Writing a poem, short summaries of condensed thoughts, to achieve a lofty 50000 word goal should have triggered a warning flag somewhere in my brain to stop and pursue something more possible, but I did it anyways.  And failed to reach my daily quotas.  Which slowly helped me fail to reach the 50000 word goal.  You know, I really hate the word fail, and I'm going to flip it around and redifine the flipped fail to prove my next point.  So fail flipped around is liaf.  And liaf according to urban dictionary is someone who fails repeatedly... there's that negative connotation again!

I will redefine liaf as an acronym for what repeated failures can do for any person, group, or corporation.
L.I.A.F in my book is "Let Inspiration Add Forever".  What I mean by that is yes failures suck.  They result in scars, fears, and low points for a story.  But in the end what ends up happening is life, the creation, or product ends up being a sum of the lessons learned from several failures.  It's through these failures people take the long road enough until they know where the short cuts could be and use those quick routes to help when time is short.  And after fine tuning your skills and figuring out the faster ways to get things done you end up making a lot of stuff.  Eventually the "stuff" is seen and sometimes people like it.  Other times your creations could help someone.  In rare occasions it could end up helping 100s and 1000s of folks just like you who needed help.  You may not see this happening in a day, but if you count all the people you've met and gotten to know in the past 10 years you may find you've already influenced thousands of people.
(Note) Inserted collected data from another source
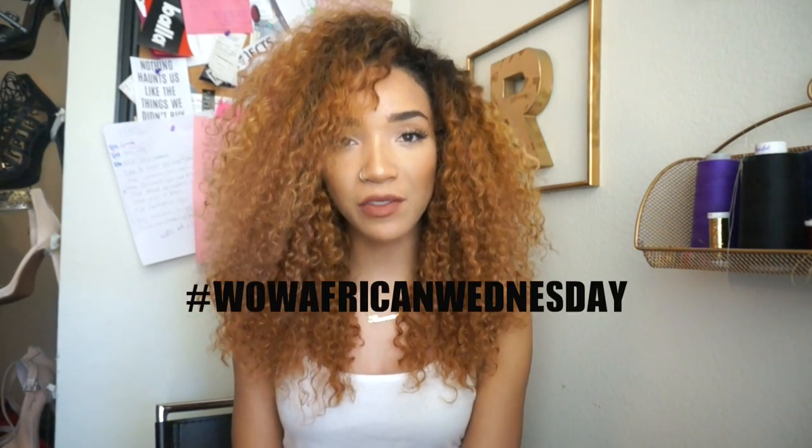Hey guys, what's up? It's Raven and today I'm here with a new Wow African Wednesday, even though it is not Wednesday. I know my video schedule has been all messed up lately so it is technically Thursday but we're still gonna call it Wow African Wednesday, and I'm here with some new hair. I'm just gonna talk you through how I achieved this look, so if you're interested in learning all about this hairstyle then just stay tuned.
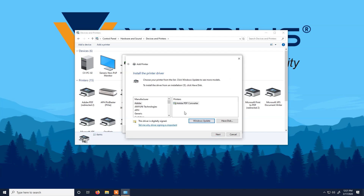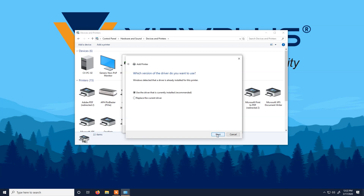For the manufacturer, select View Plus Technologies and select the printer under Printers that you would like to set up print to file. We are going to use the driver that is currently installed.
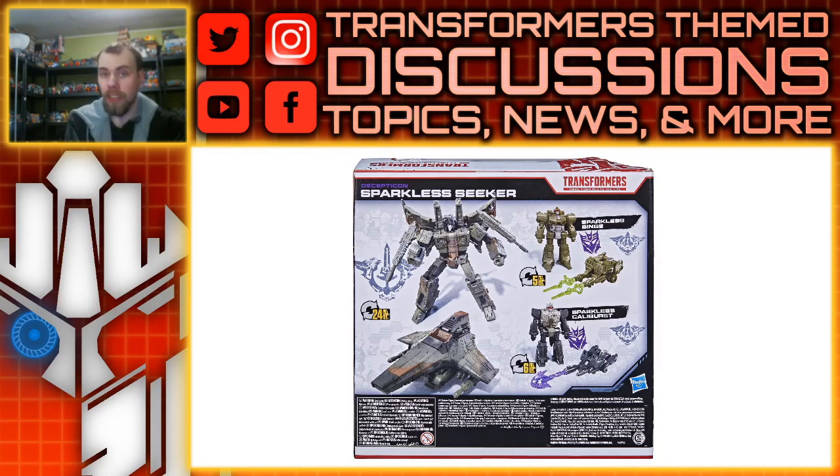They also come with the same blast effects, so that's pretty cool. But the color scheme is kind of weird — I kind of like it, because we've seen a lot of the same Battle Masters in gray and slightly different gray, so I kind of like that greenish-olive color scheme for them.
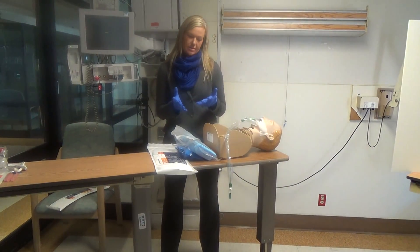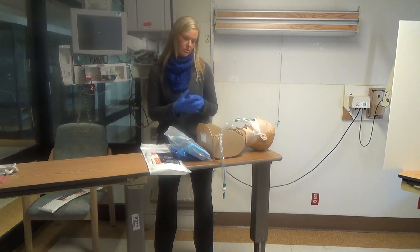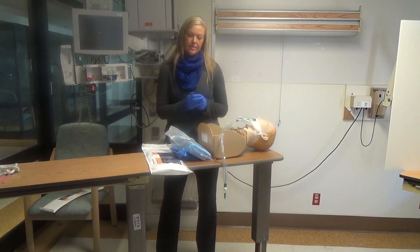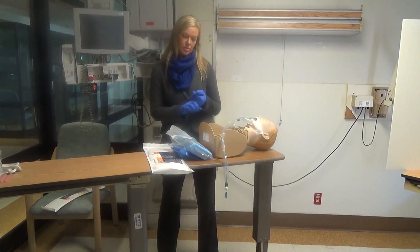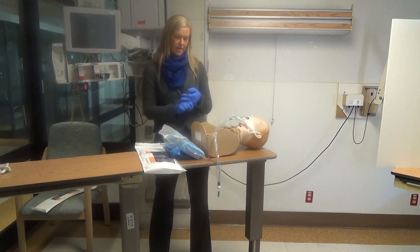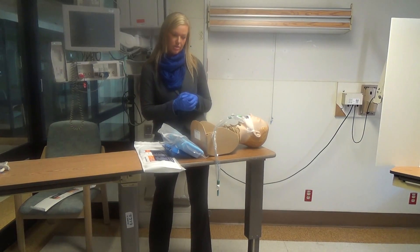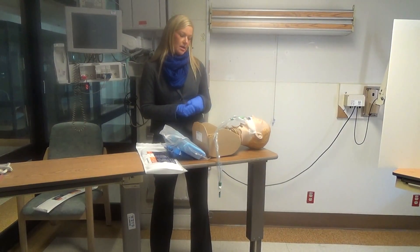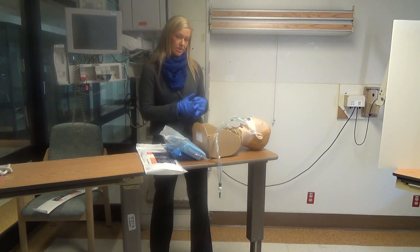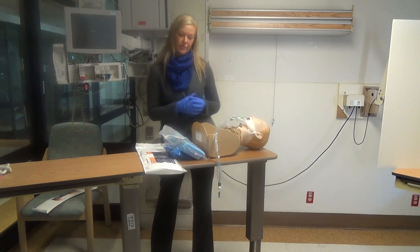Farid talked about the importance of having two RTs at the bedside. If you have orders for this procedure, please call another RT to assist you at the bedside. Once you've double-checked all contraindications, confirmed with the nurse, and turned off all feedings 45 minutes to an hour prior to the procedure, and the patient is on 100% oxygen, go ahead and get set up for the procedure.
The actions one is inspired to do are yanked out of failures and added to future creations making making more efficient until... boom.  This thing before your eyes you spent time on isn't that bad. It's actually quite alright.
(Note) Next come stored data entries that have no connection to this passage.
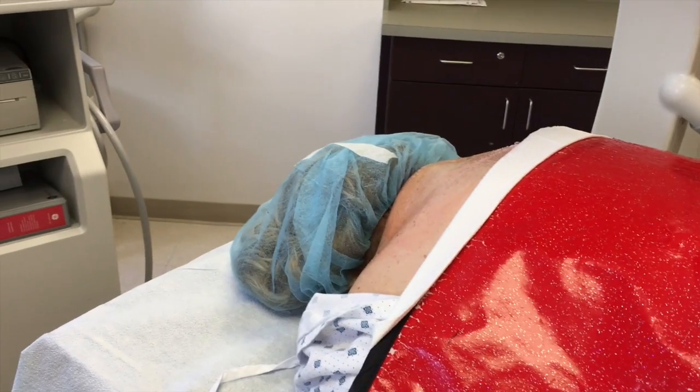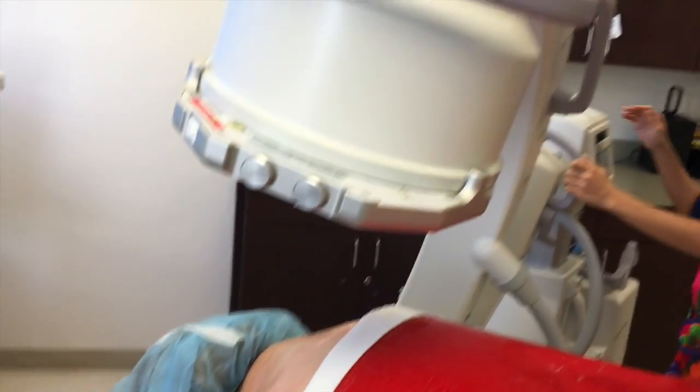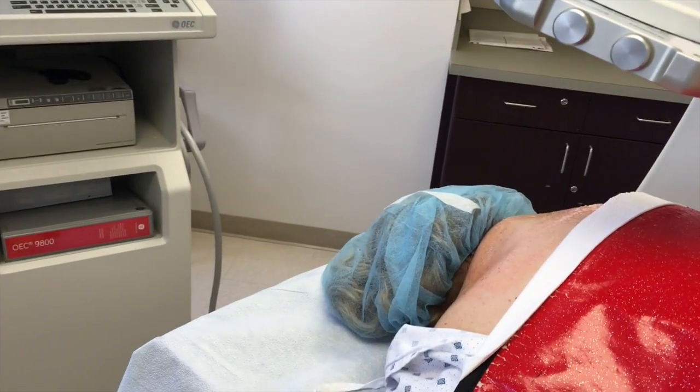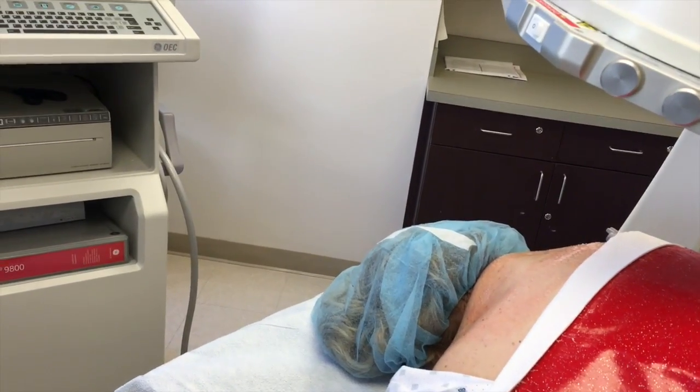Good morning and Happy Thanksgiving. Today I have requested a patient, Mrs. L, to allow us to do a cervical epidural in real time. She's an extremely pleasant lady on this eve of Thanksgiving. She's been kind enough to let us take a video and we're gonna see how she does. So here we are, we're getting ready. We have our C-arm and we're gonna proceed doing a bilateral cervical epidural.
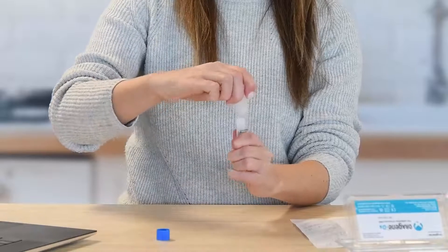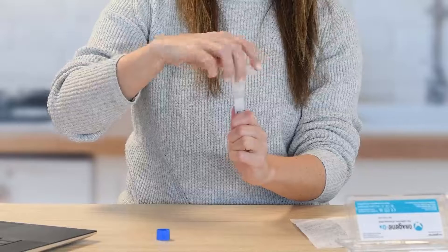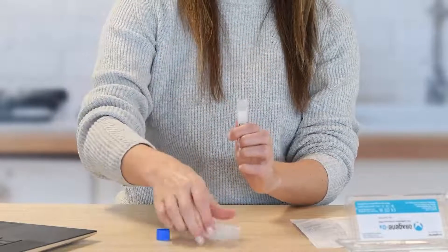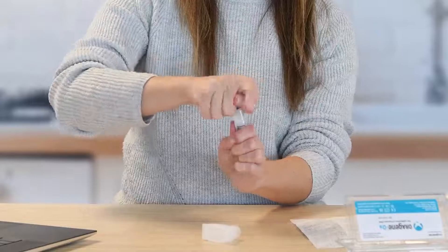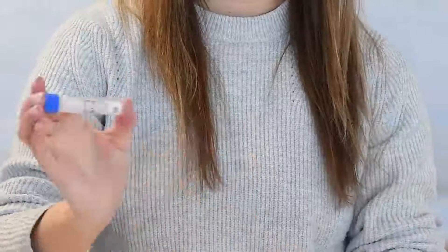Hold the tube upright and unscrew the tube from the funnel. While keeping the tube completely upright, pick up the small cap and use it to close the tube containing your sample. Shake the cap too for 5 seconds.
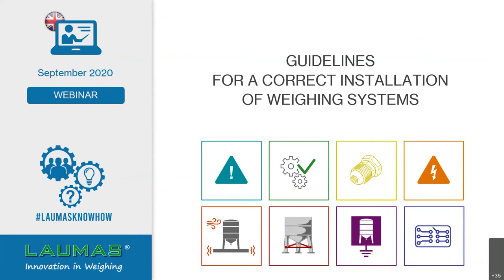Welcome everyone, good morning or good afternoon. I'm Lara Caron, part of Laumas' sales department, and I will be the moderator of this event. I yield the floor to my colleague Stefano Corradi, who will be the speaker. Hello and welcome to everyone. I'm Stefano Corradi, also part of Laumas' sales department, and I will be your speaker today.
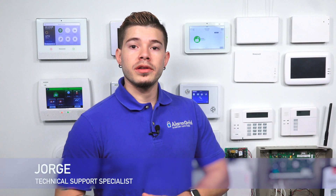Hey, DIYers. I'm George from Alarm Grid. Today, we're going to be going over the Qolsys Panel 2 and the ZigBee compatibility.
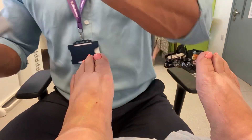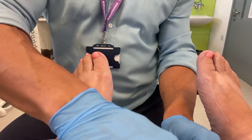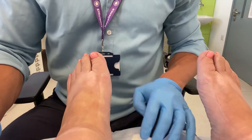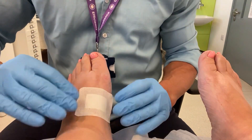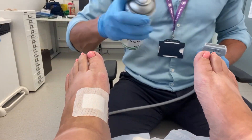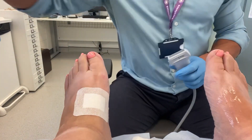We are also administering ultrasound-guided corticosteroid injections. It is important to remember that the metatarsal cuneiform joints communicate, and therefore we can treat the second and third metatarsal cuneiform joints with an injection to the first metatarsal cuneiform joint.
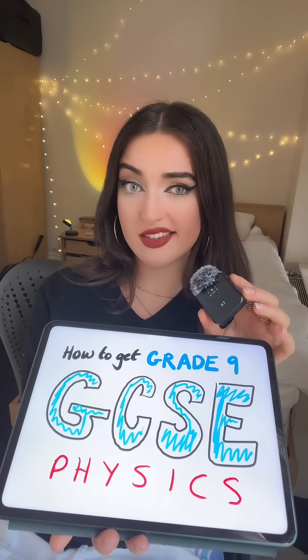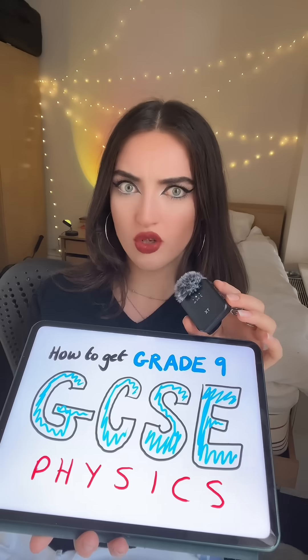I got a grade 9 in GCSE Physics and this is exactly how you are going to revise if you want to get that grade as well. You may not need this video right now, but trust me, you're going to want to save it because you will need it in the future. If you take one thing from this video, I want it to be this.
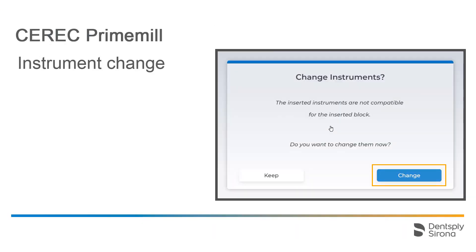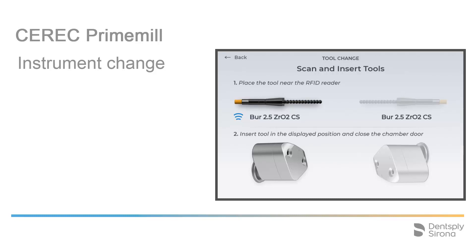Then we confirm the instrument change and continue with equipping the instrument set. Based on the block material and use case selected, the CEREC PrimeMill automatically displays which instruments need to be mounted, in which order, and on which motor. The instruments are equipped with an RFID chip located at the end of the instrument. For easy identification of the new instruments, they are color coded, which we will look at in more detail later in this tutorial.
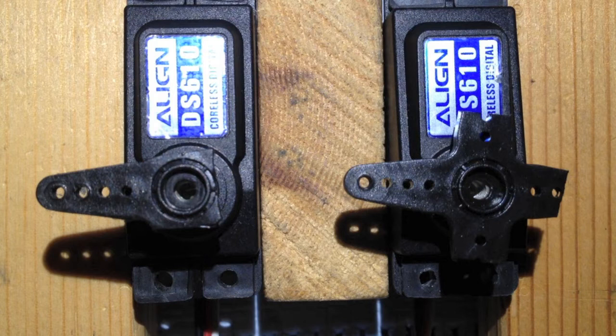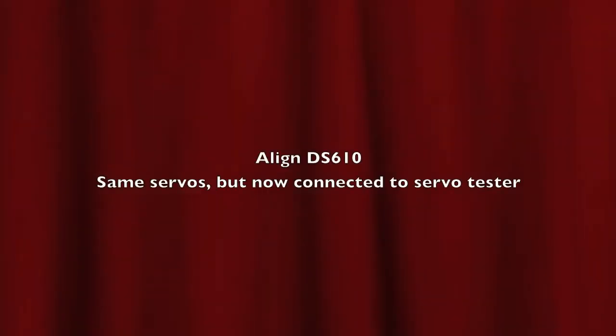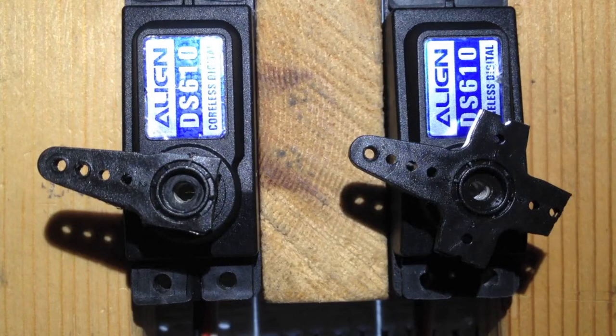Here the test is from a receiver. I will make another test with a servo tester. Here are the same servos connected to a servo tester.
So my little thing for you... which is kind of OK.. is one of my methods for writing poems.  I called it Word Stacked Metaphors.
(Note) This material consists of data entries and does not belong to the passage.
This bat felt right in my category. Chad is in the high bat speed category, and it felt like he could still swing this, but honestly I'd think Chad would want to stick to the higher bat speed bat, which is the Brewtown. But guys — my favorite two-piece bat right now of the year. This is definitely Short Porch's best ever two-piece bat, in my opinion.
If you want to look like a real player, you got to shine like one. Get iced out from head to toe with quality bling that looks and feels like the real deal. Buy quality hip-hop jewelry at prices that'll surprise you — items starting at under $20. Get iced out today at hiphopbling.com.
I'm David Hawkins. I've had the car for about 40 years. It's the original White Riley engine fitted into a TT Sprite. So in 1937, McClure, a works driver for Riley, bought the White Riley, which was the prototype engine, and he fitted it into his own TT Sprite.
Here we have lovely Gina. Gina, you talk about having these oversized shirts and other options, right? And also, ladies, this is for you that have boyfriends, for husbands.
When I was into the poetry scene in Worcester, I heard some killer Poetry Slams.  This led me to look into poetry a bit more and I ran into Joni Mitchells timeless metaphor... feather canyons.  How the hell did she come up with that??  In two words, Joni has me drooling all over myself.

There I was, on some November evening, sitting at my computer or sometimes in front of a blank page taking part in NANOWRIMO trying to figure out how I was going come up with another poem.  The pressure was too much and I needed some way to cheat.

Here's the cheat sheet.


I'll explain.  I start with a list of words.  The easiest way is to yank words out of your current surroundings.  I was sitting at a Starbucks in Westford drinking a Venti Iced Americano when I wrote this so the words straw, coffee, star, bucks, west, and ford make an appearance on my top 20 list of words.  I walked to this starbucks and saw piles of salt so 'salt' and 'clumps' make it on the list too.  Three business guys were talking behind me and left while I was writing so "group of three" and "agreement" are on board.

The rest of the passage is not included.